EGU26-13408, updated on 14 Mar 2026
https://doi.org/10.5194/egusphere-egu26-13408
EGU General Assembly 2026
© Author(s) 2026. This work is distributed under
the Creative Commons Attribution 4.0 License.
Poster | Tuesday, 05 May, 14:00–15:45 (CEST), Display time Tuesday, 05 May, 14:00–18:00
 
Hall X3, X3.104
Interpreting landslide susceptibility models using explainable machine learning
Carla Mae Arellano1, Daniel Hölbling1, Elena Nafieva1, Jachin Jonathan van Ek1, Stéphane Henriod1, Yann Rebois2, Albert Schwingshandl3, Sarah Forcieri4, Raimund Heidrich3, Isabella Hörbe3, and Lorena Abad1
Carla Mae Arellano et al.
  • 1University of Salzburg, Z_GIS, Salzburg, Austria (carlamae.arellano@plus.ac.at)
  • 2Médecins Sans Frontières (MSF), Vienna, Austria 
  • 3RIOCOM – Ingenieurbüro für Kulturtechnik und Wasserwirtschaft DI Albert Schwingshandl , Vienna, Austria
  • 4National School of Geographic Sciences - Geomatics (ENSG - Géomatique), Champs-sur-Marne, France

Machine learning approaches are increasingly applied to landslide susceptibility mapping. Despite their growing use, limited insight into model behavior and variable influence remains a major challenge, particularly in data-scarce settings where inventories are incomplete and input data are heterogeneous. 

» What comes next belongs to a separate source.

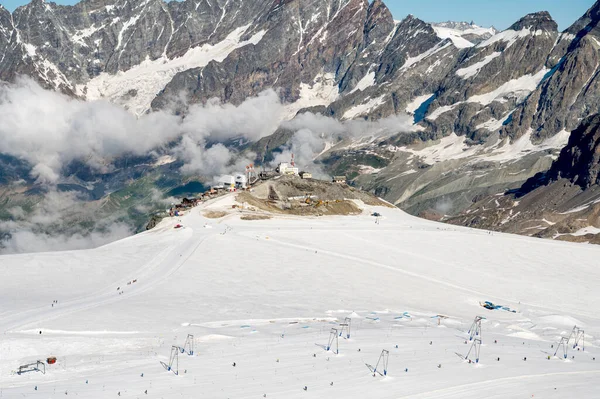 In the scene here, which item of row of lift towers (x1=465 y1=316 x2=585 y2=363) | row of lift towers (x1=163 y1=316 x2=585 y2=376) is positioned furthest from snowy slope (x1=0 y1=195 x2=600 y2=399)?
row of lift towers (x1=465 y1=316 x2=585 y2=363)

This study explores how explainability methods can be used to analyze and interpret machine learning-based landslide susceptibility models. First, a landslide susceptibility dataset is constructed by combining an available landslide inventory with commonly used environmental conditioning factors. These include topographic data (e.g. elevation, slope, curvature, flow accumulation), proximity variables (e.g. distance to rivers and roads), and land cover or vegetation proxies derived from Earth Observation (EO) data, such as the Normalized Difference Vegetation Index (NDVI). Our focus is on understanding how different input variables influence model predictions and how these influences vary spatially.  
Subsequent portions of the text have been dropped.